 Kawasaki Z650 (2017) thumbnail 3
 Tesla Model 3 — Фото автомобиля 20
==
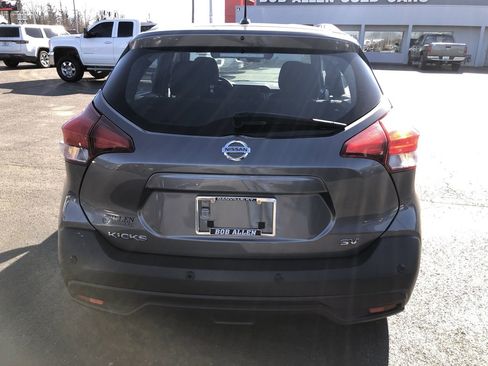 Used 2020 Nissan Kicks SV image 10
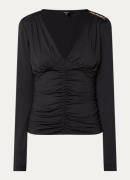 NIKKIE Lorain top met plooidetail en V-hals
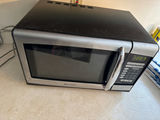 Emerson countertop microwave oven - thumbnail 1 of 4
---
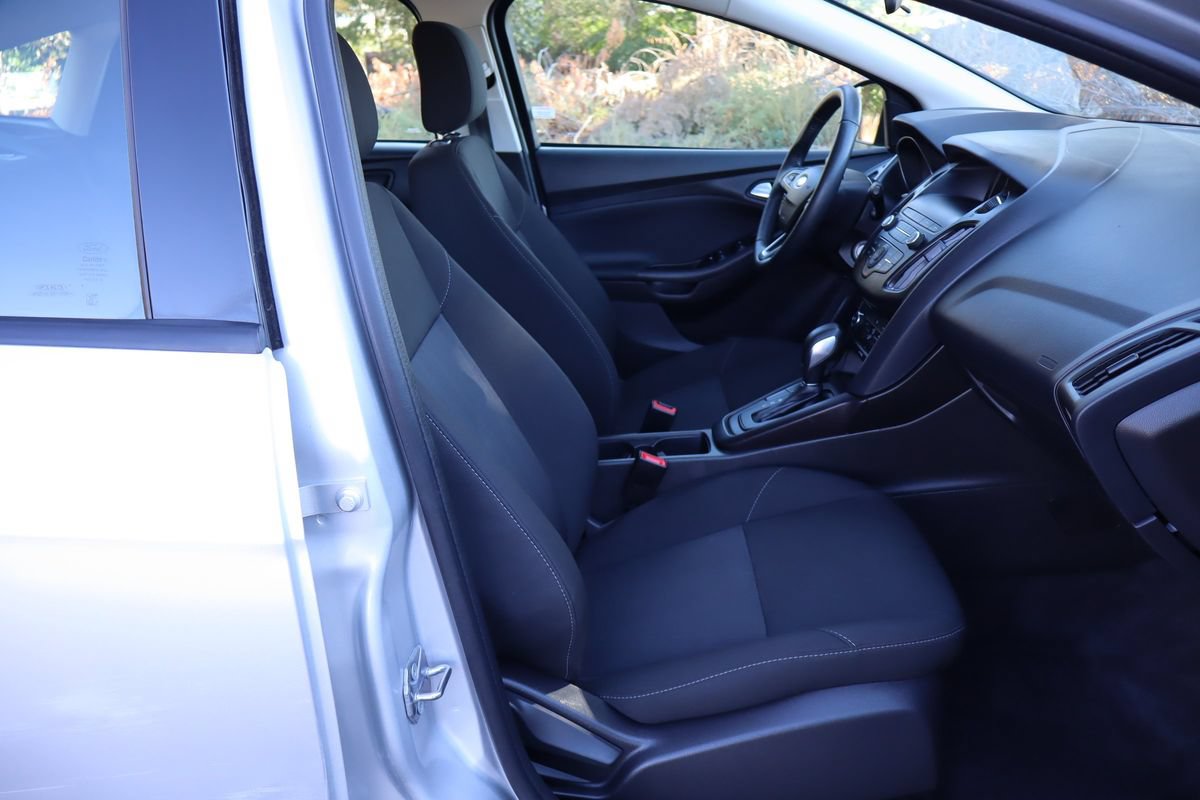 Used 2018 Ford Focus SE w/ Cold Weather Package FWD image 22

**HOW TO COMPLETE THIS TASK:** A word-for-word reproduction is needed of the lines above from the line containing "NIKKIE Lorain top met plooidetail en V-hals" through the line containing "Emerson countertop microwave", with both ends kept and no pictures.

**RESULT OF THE TASK:**
 NIKKIE Lorain top met plooidetail en V-hals
 Emerson countertop microwave oven - thumbnail 1 of 4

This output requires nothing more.